Nothing but the line containing "indicia标记商场同款冬季女装灰色毛呢外套羊毛大衣F2D4DY846C" and the lines after it in the entries below should appear, each repeated exactly.

══════════

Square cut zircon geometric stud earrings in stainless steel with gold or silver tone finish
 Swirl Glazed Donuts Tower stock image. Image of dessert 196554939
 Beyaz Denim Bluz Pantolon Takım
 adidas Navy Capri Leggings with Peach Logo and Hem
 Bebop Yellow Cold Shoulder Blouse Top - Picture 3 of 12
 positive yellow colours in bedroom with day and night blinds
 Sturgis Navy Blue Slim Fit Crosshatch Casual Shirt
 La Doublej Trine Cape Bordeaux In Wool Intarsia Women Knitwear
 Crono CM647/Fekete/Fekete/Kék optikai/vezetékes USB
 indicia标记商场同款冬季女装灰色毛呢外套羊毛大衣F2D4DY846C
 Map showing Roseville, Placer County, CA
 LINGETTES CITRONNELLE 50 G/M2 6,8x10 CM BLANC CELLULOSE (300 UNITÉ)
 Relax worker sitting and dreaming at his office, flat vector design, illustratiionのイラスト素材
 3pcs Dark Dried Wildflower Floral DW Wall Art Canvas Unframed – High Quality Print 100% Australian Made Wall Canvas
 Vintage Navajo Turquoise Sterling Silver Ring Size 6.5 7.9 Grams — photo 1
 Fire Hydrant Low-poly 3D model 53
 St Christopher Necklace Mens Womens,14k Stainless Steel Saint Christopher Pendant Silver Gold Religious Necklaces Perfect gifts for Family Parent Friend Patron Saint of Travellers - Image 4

══════════

> Solution to this problem:
 indicia标记商场同款冬季女装灰色毛呢外套羊毛大衣F2D4DY846C
 Map showing Roseville, Placer County, CA
 LINGETTES CITRONNELLE 50 G/M2 6,8x10 CM BLANC CELLULOSE (300 UNITÉ)
 Relax worker sitting and dreaming at his office, flat vector design, illustratiionのイラスト素材
 3pcs Dark Dried Wildflower Floral DW Wall Art Canvas Unframed – High Quality Print 100% Australian Made Wall Canvas
 Vintage Navajo Turquoise Sterling Silver Ring Size 6.5 7.9 Grams — photo 1
 Fire Hydrant Low-poly 3D model 53
 St Christopher Necklace Mens Womens,14k Stainless Steel Saint Christopher Pendant Silver Gold Religious Necklaces Perfect gifts for Family Parent Friend Patron Saint of Travellers - Image 4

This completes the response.